Flannery O'Connor, además de gótica, era cristiana. Una cristiana con una relación difícil con su dios. Le pedía todos los días, de rodillas, en la iglesia, pero también desde su cuaderno de oraciones, escribir bien. Escribir por razones buenas. No para alimentar su ego, escribir para ser buena escritora, escribir bien para escribir bien. Le rogaba no ser susceptible a los halagos, soportar los rechazos, mantenerse firme en su idea de la literatura. Flannery era una cristiana que no creía en la bondad como condición, sino como trabajo, como esfuerzo, como acto continuo de voluntad.

Leerla es un placer ácido, complicado, más cerca del presente que de la esperanza.

«—No tienes que comportarte como si esto fuera el fin del mundo, porque no lo es —prosiguió Julian—. De ahora en adelante tendrás que vivir en un mundo nuevo y enfrentarte por primera vez a algunas cosas», dice Flannery en su cuento Todo lo que asciende tiene que converger. A lo mejor esto sí es el fin del mundo, y tal vez sea más apocalíptico de lo que tengamos la capacidad de comprender.
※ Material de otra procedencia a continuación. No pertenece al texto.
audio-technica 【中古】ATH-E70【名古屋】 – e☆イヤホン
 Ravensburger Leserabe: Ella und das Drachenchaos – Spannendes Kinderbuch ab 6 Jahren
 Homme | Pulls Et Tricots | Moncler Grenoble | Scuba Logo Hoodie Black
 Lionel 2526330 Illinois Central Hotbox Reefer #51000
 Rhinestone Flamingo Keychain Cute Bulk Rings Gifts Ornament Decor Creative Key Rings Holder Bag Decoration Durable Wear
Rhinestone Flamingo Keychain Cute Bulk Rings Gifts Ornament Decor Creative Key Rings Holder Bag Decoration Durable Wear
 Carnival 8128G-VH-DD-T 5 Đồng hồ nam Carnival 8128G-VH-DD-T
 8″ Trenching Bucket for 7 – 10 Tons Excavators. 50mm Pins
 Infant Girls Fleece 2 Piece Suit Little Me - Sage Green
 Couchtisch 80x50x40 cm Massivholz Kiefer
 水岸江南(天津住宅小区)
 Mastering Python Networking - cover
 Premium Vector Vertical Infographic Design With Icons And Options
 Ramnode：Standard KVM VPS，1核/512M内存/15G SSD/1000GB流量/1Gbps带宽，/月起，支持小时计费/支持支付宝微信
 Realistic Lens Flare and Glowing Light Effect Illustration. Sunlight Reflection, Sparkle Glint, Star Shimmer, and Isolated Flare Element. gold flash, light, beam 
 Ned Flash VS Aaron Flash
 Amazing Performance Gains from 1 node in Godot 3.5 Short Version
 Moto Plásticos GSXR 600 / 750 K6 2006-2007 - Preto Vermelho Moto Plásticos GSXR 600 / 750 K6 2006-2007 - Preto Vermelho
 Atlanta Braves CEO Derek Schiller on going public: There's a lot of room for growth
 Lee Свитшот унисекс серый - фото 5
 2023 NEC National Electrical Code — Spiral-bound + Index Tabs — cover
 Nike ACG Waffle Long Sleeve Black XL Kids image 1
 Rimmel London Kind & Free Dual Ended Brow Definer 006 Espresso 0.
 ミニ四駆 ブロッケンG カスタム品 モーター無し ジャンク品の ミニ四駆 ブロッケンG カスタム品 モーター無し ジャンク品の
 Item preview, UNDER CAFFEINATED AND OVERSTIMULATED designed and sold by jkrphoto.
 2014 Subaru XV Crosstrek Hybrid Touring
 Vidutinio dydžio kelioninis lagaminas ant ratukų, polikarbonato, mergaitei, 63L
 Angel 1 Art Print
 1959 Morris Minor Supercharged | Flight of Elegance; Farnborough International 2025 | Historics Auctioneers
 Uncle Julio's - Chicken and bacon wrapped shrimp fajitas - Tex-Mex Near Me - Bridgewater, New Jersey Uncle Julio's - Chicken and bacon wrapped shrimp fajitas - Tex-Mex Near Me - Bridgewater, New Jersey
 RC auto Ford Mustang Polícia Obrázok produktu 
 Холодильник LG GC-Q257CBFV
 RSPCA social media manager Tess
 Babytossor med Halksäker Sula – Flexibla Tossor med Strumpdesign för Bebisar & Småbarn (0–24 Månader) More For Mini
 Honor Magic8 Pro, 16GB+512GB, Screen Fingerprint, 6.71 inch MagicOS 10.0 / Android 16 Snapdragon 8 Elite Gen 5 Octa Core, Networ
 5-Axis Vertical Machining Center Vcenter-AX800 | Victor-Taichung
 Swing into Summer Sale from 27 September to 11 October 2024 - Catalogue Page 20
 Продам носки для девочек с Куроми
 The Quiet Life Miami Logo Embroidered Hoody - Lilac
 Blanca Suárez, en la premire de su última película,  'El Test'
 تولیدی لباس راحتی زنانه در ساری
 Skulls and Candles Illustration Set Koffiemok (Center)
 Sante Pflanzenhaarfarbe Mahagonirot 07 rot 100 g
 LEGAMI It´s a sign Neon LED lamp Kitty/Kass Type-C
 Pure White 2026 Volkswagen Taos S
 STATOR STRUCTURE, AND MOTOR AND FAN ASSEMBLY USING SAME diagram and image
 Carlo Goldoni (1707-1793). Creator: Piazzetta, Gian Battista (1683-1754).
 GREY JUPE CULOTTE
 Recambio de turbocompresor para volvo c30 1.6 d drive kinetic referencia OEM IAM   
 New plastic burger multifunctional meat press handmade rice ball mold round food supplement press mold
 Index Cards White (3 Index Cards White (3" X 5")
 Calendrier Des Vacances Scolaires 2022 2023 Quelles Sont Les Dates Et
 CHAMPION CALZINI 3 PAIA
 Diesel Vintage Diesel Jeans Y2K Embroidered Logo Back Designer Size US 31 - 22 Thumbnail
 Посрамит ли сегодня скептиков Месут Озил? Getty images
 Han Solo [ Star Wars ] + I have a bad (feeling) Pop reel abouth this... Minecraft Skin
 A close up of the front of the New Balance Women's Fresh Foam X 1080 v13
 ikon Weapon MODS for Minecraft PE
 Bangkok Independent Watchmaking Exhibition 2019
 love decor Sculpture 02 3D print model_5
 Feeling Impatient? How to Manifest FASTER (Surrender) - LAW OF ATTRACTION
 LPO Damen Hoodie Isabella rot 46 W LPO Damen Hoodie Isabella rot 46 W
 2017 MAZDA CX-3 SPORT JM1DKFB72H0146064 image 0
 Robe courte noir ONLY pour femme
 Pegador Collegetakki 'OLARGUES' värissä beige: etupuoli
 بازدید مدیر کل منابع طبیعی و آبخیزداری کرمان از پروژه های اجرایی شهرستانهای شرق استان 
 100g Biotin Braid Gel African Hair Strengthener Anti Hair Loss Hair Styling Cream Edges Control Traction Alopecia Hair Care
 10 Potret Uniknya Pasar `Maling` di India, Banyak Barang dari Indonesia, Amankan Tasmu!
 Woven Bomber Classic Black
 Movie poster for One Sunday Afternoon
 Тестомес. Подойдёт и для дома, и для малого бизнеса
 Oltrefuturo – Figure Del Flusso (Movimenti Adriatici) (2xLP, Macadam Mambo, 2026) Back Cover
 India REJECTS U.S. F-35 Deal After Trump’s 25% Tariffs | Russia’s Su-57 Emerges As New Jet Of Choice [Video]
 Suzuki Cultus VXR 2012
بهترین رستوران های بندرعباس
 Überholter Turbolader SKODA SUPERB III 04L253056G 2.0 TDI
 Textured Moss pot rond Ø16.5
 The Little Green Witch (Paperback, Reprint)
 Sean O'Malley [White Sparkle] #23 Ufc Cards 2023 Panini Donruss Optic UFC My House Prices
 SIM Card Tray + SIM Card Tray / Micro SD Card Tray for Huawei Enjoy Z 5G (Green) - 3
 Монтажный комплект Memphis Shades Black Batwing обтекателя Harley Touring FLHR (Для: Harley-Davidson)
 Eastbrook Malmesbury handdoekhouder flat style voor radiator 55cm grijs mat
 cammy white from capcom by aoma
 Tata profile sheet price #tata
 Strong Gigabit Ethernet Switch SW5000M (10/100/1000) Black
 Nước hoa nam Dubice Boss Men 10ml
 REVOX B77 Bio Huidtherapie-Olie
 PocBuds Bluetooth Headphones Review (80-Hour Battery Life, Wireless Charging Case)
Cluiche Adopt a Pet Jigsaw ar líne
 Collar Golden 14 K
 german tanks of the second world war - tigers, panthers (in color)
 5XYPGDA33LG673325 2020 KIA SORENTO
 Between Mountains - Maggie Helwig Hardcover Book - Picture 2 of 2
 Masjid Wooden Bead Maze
Pero eso no quita que tengamos que "vivir en un mundo nuevo" y enfrentarnos a algunas cosas por primera vez. Ser capaces de soportar la incertidumbre, no saber qué forma tiene el futuro, no seguir esperando sentados en la estación a que pase (¿que vuelva?) el tren que nos lleve a la victoria.

 

Con las piedras feas, comunes, cantos rodados sin gracia, habrá que construir la vida de todos los días. Una vida que fuerce la idea de futuro a moldear las acciones cotidianas. Tomar las manos amigas para hallar cierta paz, tomar las manos de los que no entendemos para habitar el conflicto, rechazar con furia los tortazos de los que quieren arrasar con las manos de todes. Y encontrar belleza. Producir belleza. Ayer una amiga me dijo: voy a ir a la marcha de los jubilados con un bombero loco lleno de lavandina para que los uniformes de la policía queden todos manchados de blanco. Hermosa creatividad de la resistencia. La belleza no puede faltar en este mundo hostil. Esa belleza que no queda en ninguna última estación, sino en el modo de apilar las piedras comunes y corrientes de los durmientes de la vía.